Short text fragments from websites:
------------------------

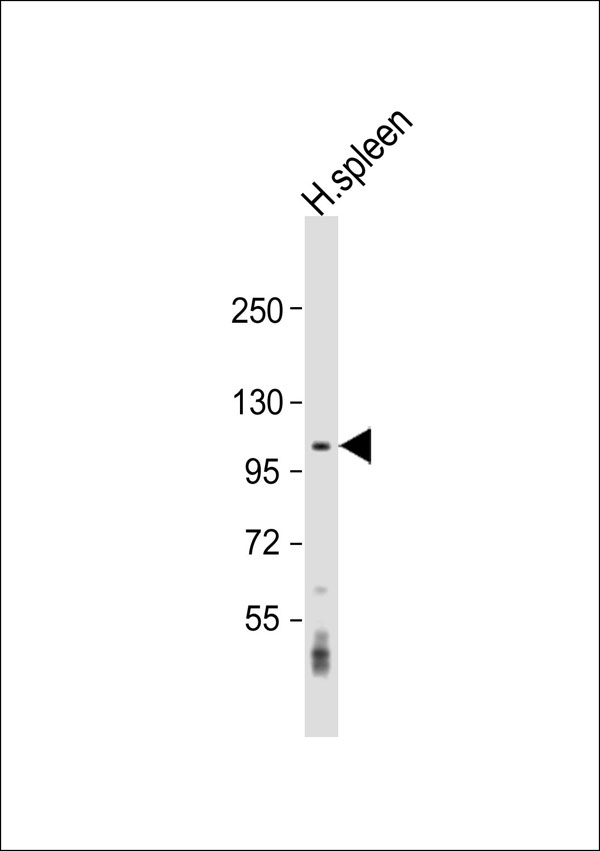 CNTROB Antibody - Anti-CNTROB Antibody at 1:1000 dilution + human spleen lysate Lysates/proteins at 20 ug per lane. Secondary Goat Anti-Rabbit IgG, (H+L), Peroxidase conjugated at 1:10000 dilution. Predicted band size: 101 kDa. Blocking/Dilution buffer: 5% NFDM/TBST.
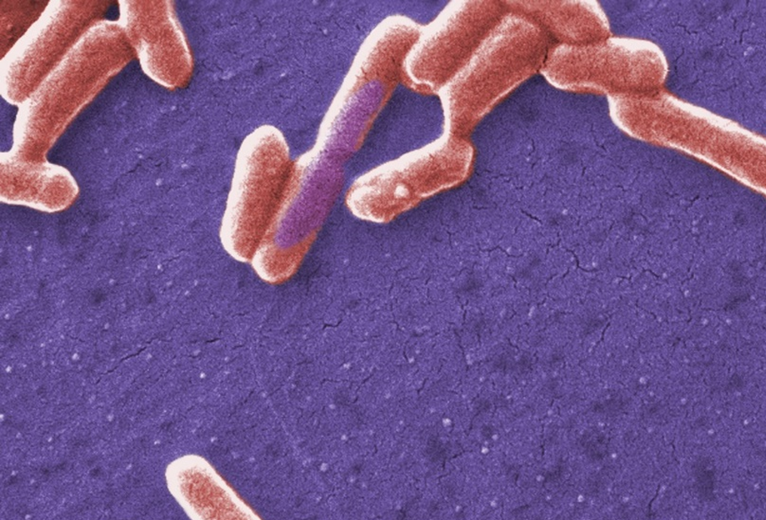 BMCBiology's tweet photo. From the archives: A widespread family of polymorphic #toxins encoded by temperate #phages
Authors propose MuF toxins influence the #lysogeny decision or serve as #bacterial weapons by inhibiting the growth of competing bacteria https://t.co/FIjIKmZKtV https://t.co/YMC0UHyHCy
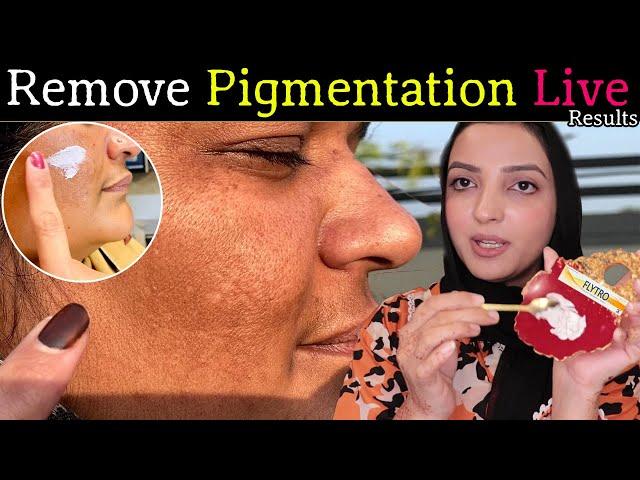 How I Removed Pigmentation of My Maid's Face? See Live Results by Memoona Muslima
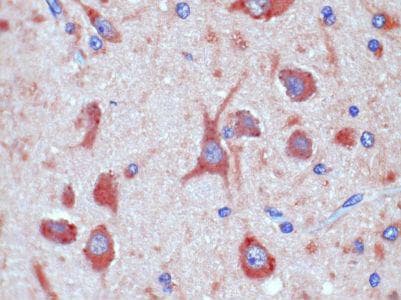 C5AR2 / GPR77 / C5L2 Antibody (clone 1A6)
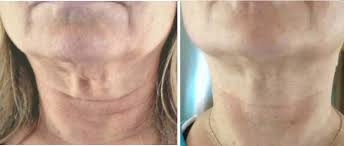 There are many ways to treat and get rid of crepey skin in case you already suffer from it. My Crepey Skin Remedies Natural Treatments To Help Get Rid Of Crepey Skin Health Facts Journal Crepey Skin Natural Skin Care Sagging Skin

------------------------

§ WORK INSTRUCTIONS
When you reach the line that has "Authors propose MuF" in the data above, start repeating lines exactly, and stop after the line that has "C5AR2 / GPR77 / C5L2 Antibody (clone 1A6)"; pictures stay out.

§ RESULT FOR THIS EXERCISE
Authors propose MuF toxins influence the #lysogeny decision or serve as #bacterial weapons by inhibiting the growth of competing bacteria https://t.co/FIjIKmZKtV https://t.co/YMC0UHyHCy
 How I Removed Pigmentation of My Maid's Face? See Live Results by Memoona Muslima
 C5AR2 / GPR77 / C5L2 Antibody (clone 1A6)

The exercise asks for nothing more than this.